The State of Rust to WebAssembly Compilation

Jul 12, 2024

1945 Words

Historically, there was much debate over how structs are passed (directly or indirectly), which ties into the multivalue proposal. The star of the show is (perhaps unsurprisingly, given the state of general ABI discourse) the C ABI for Wasm. In chronological order…

wasm-unknown-unknown was added as a compilation target, and wasm-bindgen was written (with some naive encoding). However, wasm-bindgen did not match the C ABI for Wasm used by Clang/LLVM

  • Ex: Clang and Rustc vary in how structs arguments are passed. Clang passes a pointer, while Rust passes a handful of parameters (which wasm-bindgen expects)
    • See also this old discussion (on the C ABI repo!), which is likely more comprehensive
  • Much of this discussion centers around Wasm’s multi-value returns, which the standard C ABI for Wasm does not use

A wasm ABI was added (see tracking issue) with splatting and multi-value support (for use by wasm-bindgen), with the intention of having the the default wasm-unknown-unknown ABI changed to match the C ABI for Wasm

  • The idea is that you could use extern "wasm" to get this, and extern "C" otherwise.

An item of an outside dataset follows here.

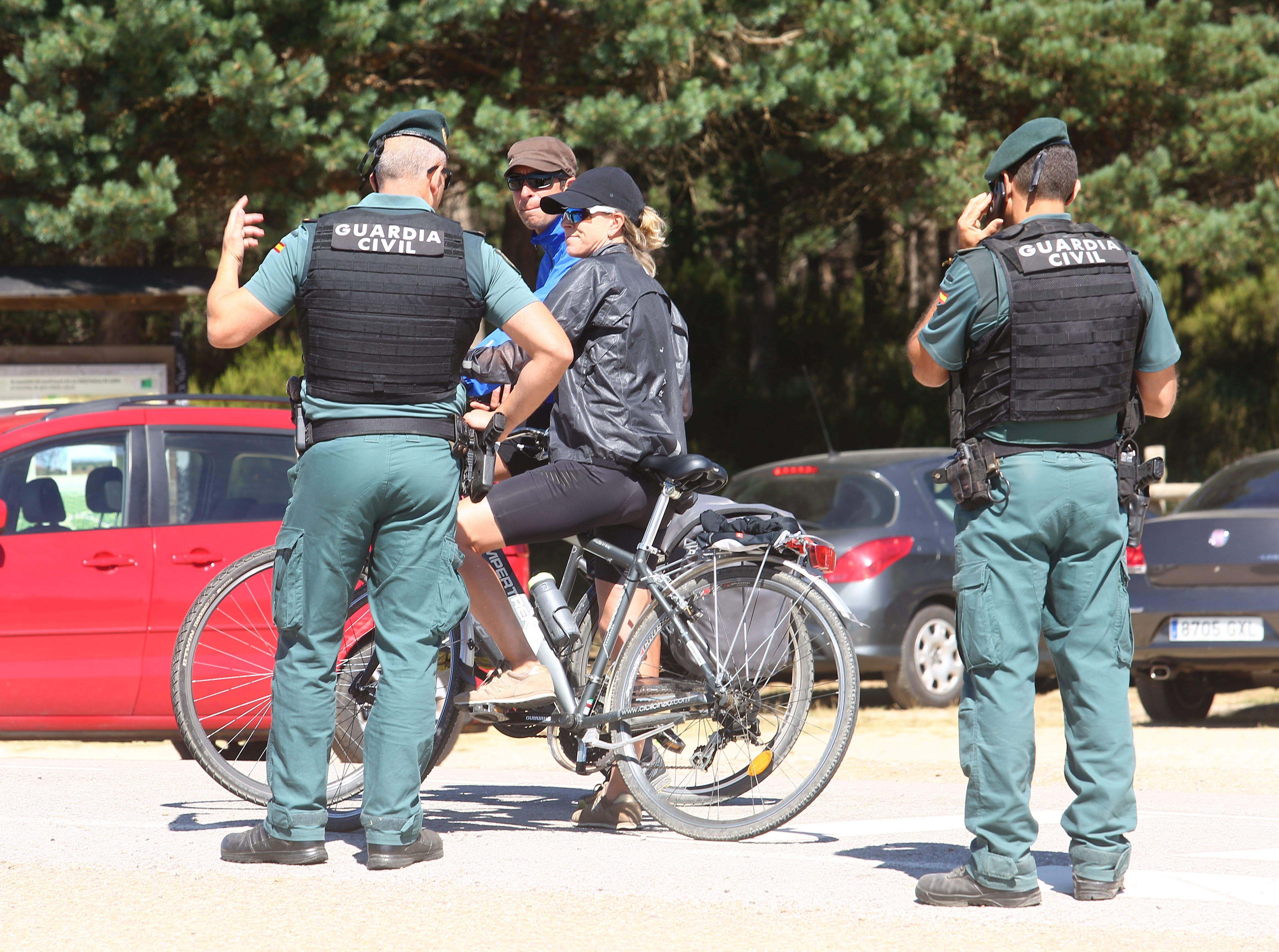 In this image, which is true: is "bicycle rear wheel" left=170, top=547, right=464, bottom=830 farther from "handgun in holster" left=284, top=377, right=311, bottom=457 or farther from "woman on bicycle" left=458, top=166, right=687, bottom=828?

Using wasm-bindgen would require this extern "wasm", after the breaking change is made
    • Currently, the wasm-bindgen macro will generate a new version of the function which is marked as extern "C" (while also wrapping things up, etc)
  • The goal here is to match the Wasm standard, not how Clang does things—more direct translation, matching signatures more precisely, etc
  • Much of the discussion here is that the C ABI for Wasm may change to support multi-value returns in an unknown way (they still do not have support for it, AFAICT), thus they want to separate out the two treatments

There has been debate over what extern "wasm" actually does or should do

  • The core of the issue is that extern "wasm" is a by-product of LLVM codegen: there are a lack of guarantees on how LLVM / rustc do things!!
    • There are even other issues (plus tracking) describing how passing aggregate types directly makes it hard to reason about ABI compatibility, since things depend on how LLVM specifically lowers these struct types
  • This comment gives a good overview on the differences between extern "wasm" and extern "C" ABI differences, which links to the comprehensive extern "wasm" meeting notes

At this point in history, extern "C" on all targets implemented the C ABI for Wasm, except wasm-unknown-unknown which was holding out due to wasm-bindgen. wasm-bindgen had plans to change (the issue has a great summary), and eventually wasm-bindgen was updated! This allowed the extern "C" code to be compiled in a way that is compliant with the C ABI for Wasm

  • To ease the transition period, the -Z wasm-c-abi flag was added to allow users to compile to wasm-unknown-unknown with the new, compliant behavior
  • This flag will eventually be obsolete, once the compliant behavior is the default

Recently, LLVM has changed how it supports multivalue returns. LLVM backend support for the feature works in theory but is still buggy

  • Updating LLVM triggered a discussion, which relates to pre-existing concerns
  • It appears that multivalue support is now enabled by default, but only for the experimental-mv ABI, instead of being per-function tweaks
  • This means that the extern "wasm" ABI, which was like the (pre-C compliant) ABI with per-function multivalue support, is not really applicable, and considered a failed experiment
  • I believe that they do not want to use the experimental-mv flag (since they want to be compliant with the C ABI for Wasm), and that multivalue won’t exist until Clang makes a decision and changes the C ABI for Rust
    • Alex says “multivalue just isn’t feasible with LLVM”, and all related tests are currently disabled

This brings us to the current state of the Wasm ABI: compiling with -Z wasm-c-abi=spec will use the C ABI for Wasm (which will eventually be the default), and compiling with -Z wasm-c-abi=legacy will use the default, pre-compliant ABI

  • The extern "wasm" ABI has been removed
  • It feels like Alex’s comment has come true, where we are left waiting on upstream (Clang) to change how C is compiled to Wasm using the multivalue
    • These changes to the C ABI for Wasm would likely be based on performance concerns, not expressivity
    • Specifically, multivalue is on by default but does not do anything unless the experimental-mv is used; we are waiting on good multivalue support in LLVM
  • Some think the multivalue ABI will be a different C ABI for Wasm, with the current ABI being kept for legacy reasons
  • Apparently, WASI is planning to add a multivalue ABI soon
  • Code example of interop: check out this example repo

wasm-unknown-unknown is also not the only target! Specifically, wasm-wasi exists as well, which supports WASI. In wasm-unknown-unknown, much of std (ex: opening files, etc) will just fail, while in wasm-wasi, this will actually work (using the wasi API)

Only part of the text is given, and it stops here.